*Description of the task*. Retype the records below exactly as they stand, omitting the pictures.

*Provided records*.
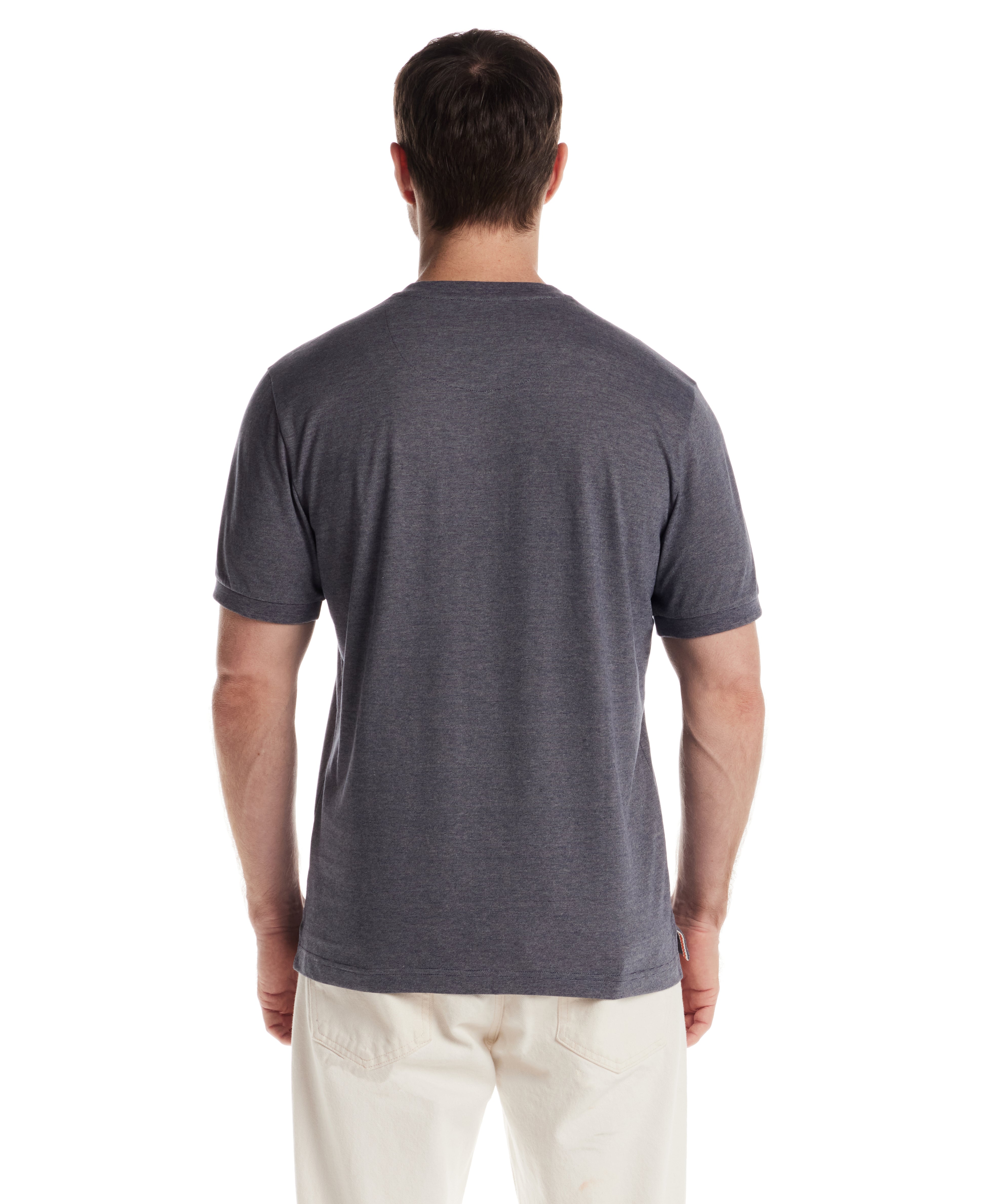 Short Sleeve Microstripe Henley in Insignia Blue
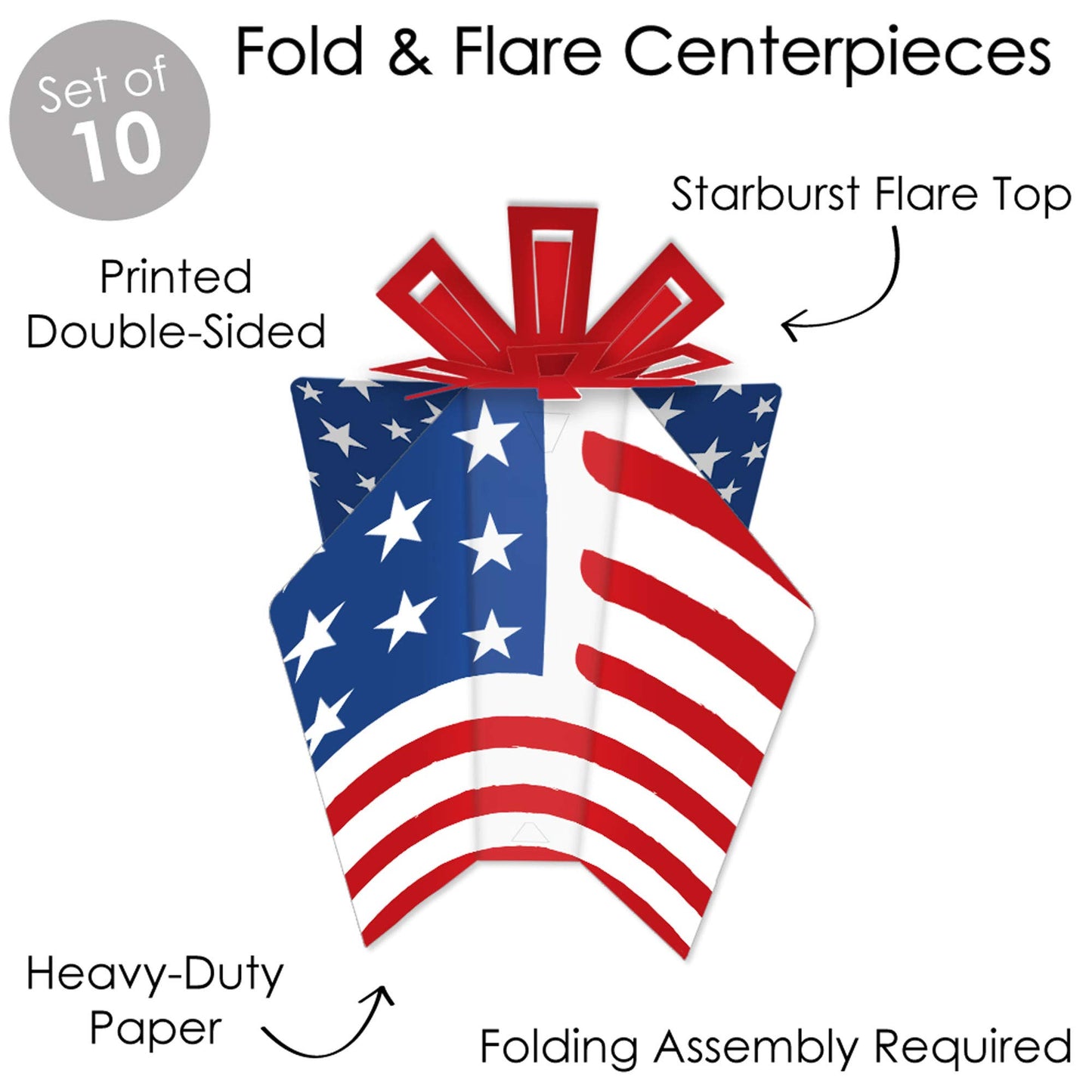 Big Dot of Happiness Stars and Stripes - Table Decorations - Memorial Day, 4th of July and Labor Day USA Patriotic Party Fold and Flare Centerpieces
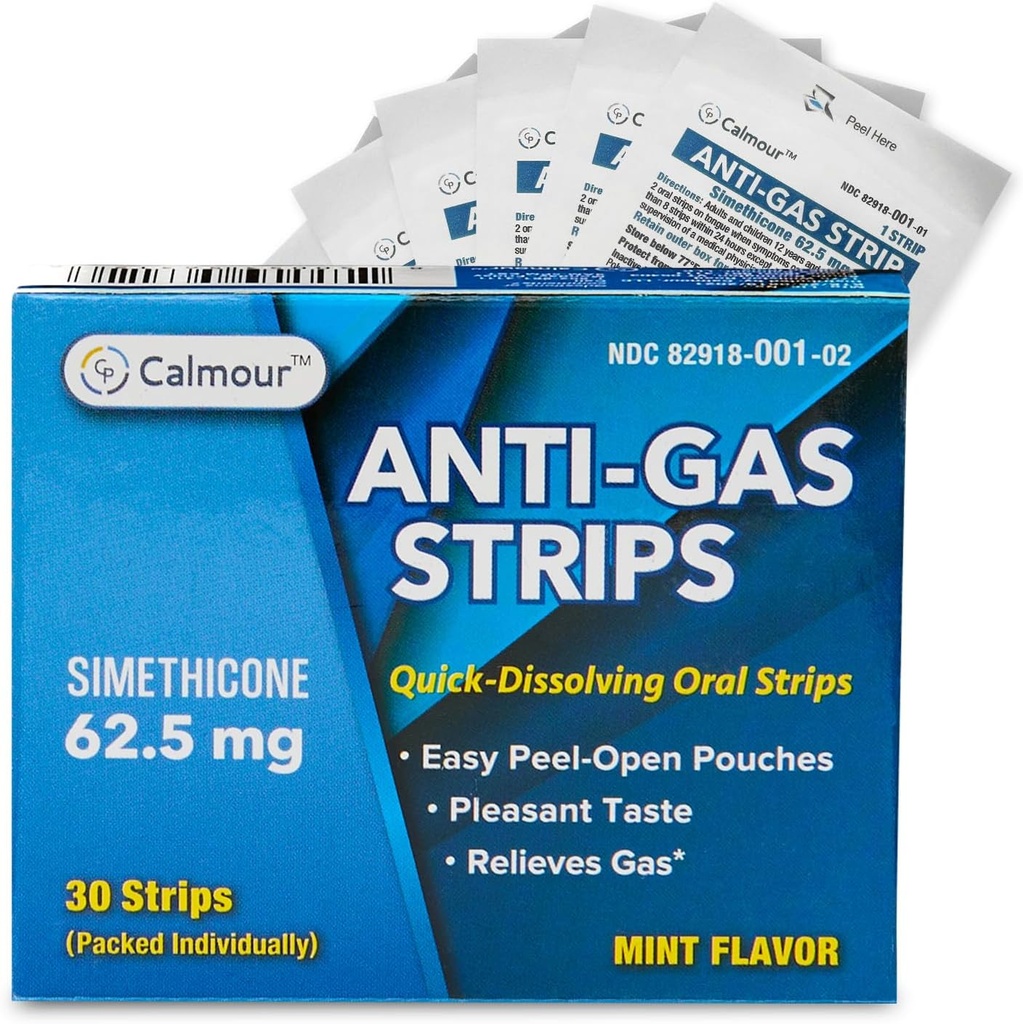 Anti Gas Relief 30 Strips | Mint Flavor Oral Dissolvable Anti Bloating Strips
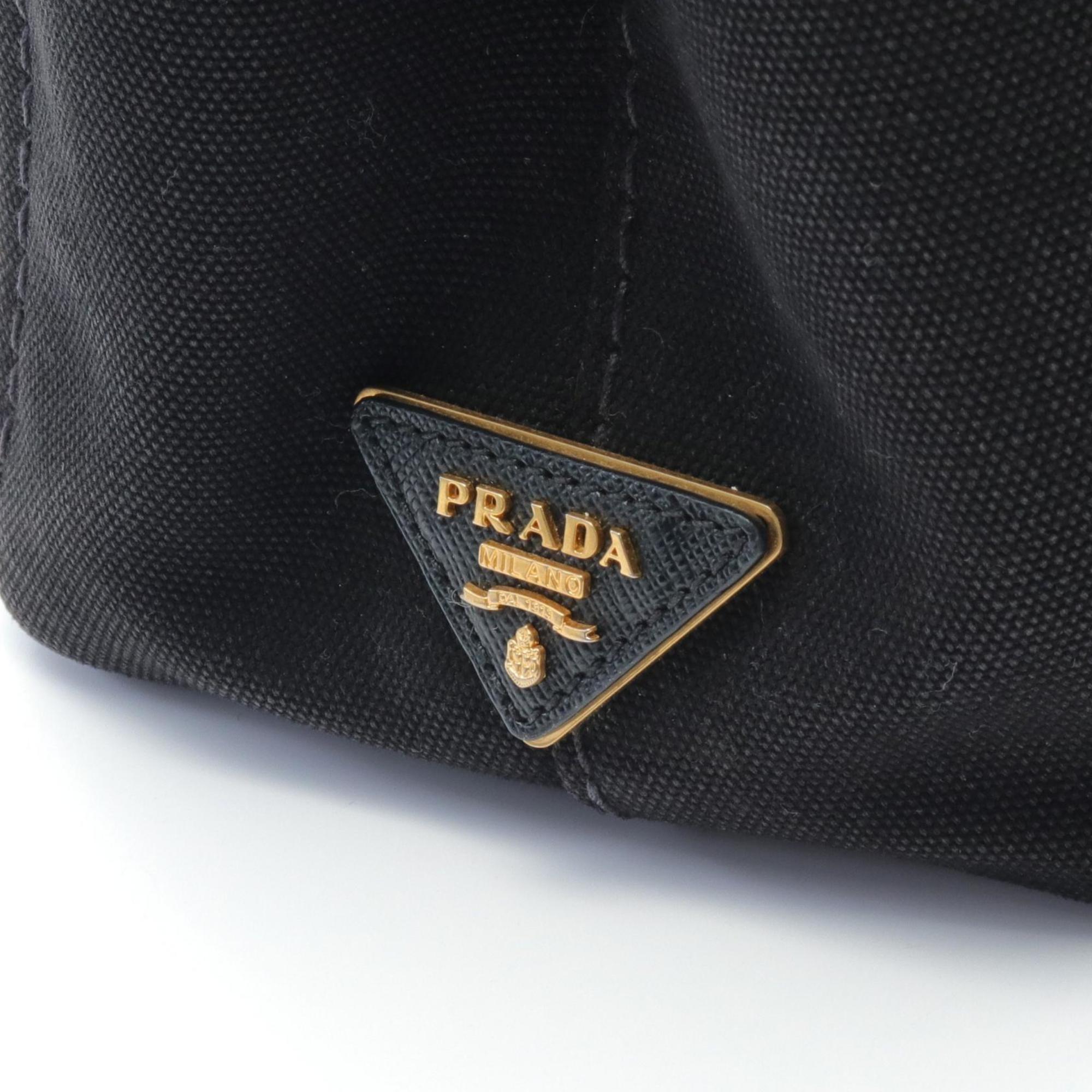 PRADA CANAPA Tote Bag Canvas Women's Black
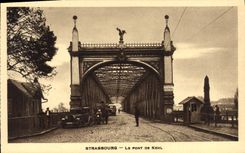 POSTAL Strabourg de la VENDIMIA el puente de Kehl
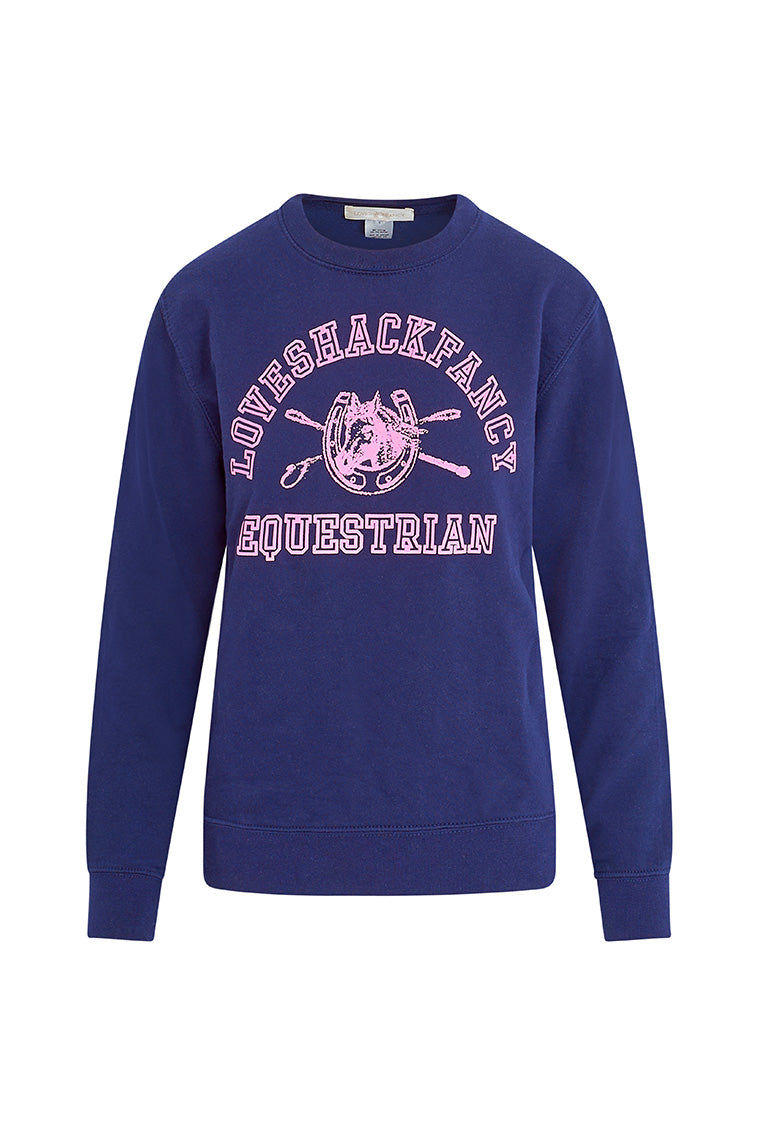 Navy crewneck sweatshirt with pink equestrian graphic print, long sleeves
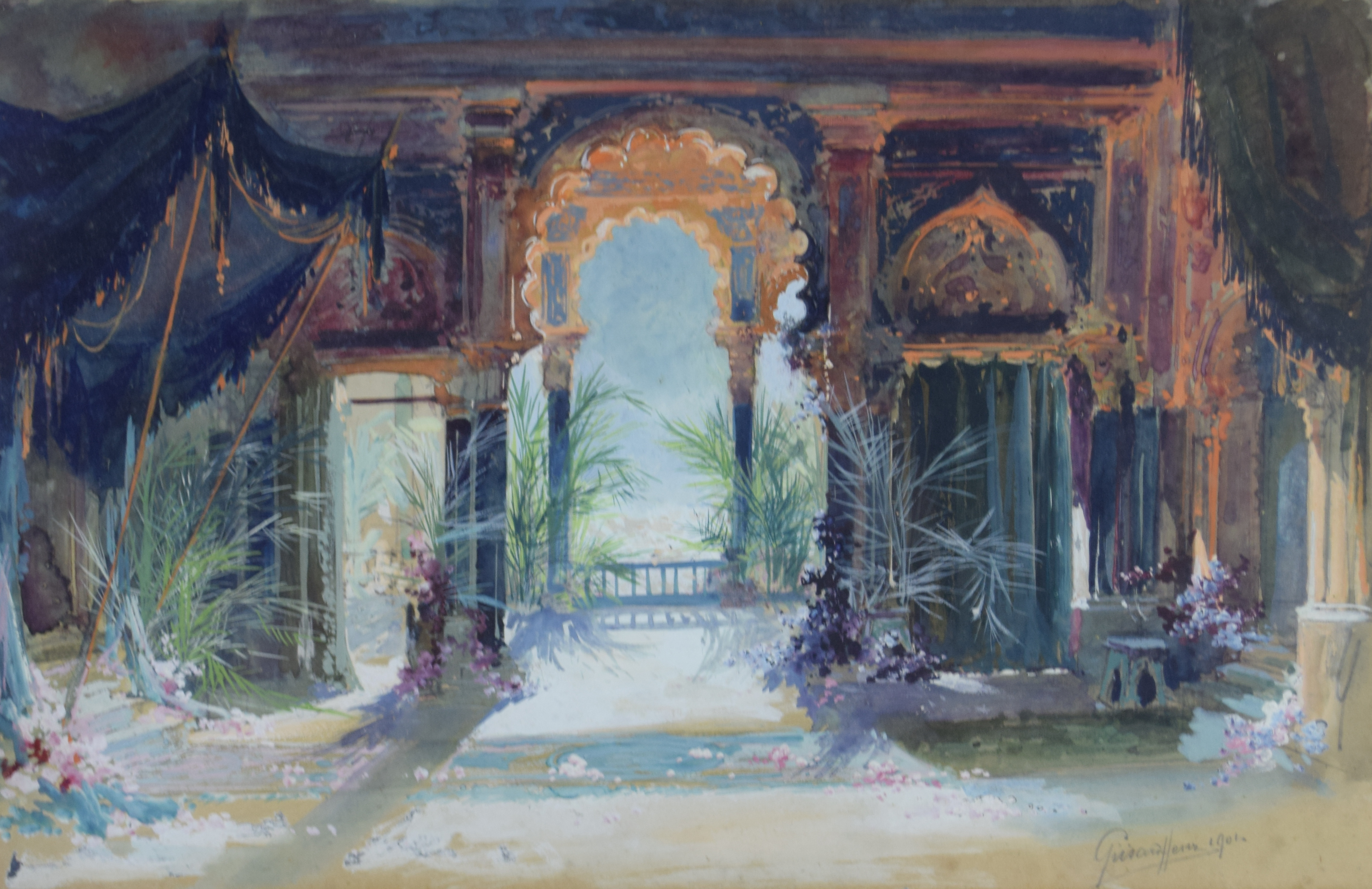 tableau Intérieur d'orient  Grisard Henry orientaliste,scène d'intérieur  gouache papier 1ère moitié 20e siècle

*Answer to the problem*.
 Short Sleeve Microstripe Henley in Insignia Blue
 Big Dot of Happiness Stars and Stripes - Table Decorations - Memorial Day, 4th of July and Labor Day USA Patriotic Party Fold and Flare Centerpieces
 Anti Gas Relief 30 Strips | Mint Flavor Oral Dissolvable Anti Bloating Strips
 PRADA CANAPA Tote Bag Canvas Women's Black
 POSTAL Strabourg de la VENDIMIA el puente de Kehl
 Navy crewneck sweatshirt with pink equestrian graphic print, long sleeves
 tableau Intérieur d'orient  Grisard Henry orientaliste,scène d'intérieur  gouache papier 1ère moitié 20e siècle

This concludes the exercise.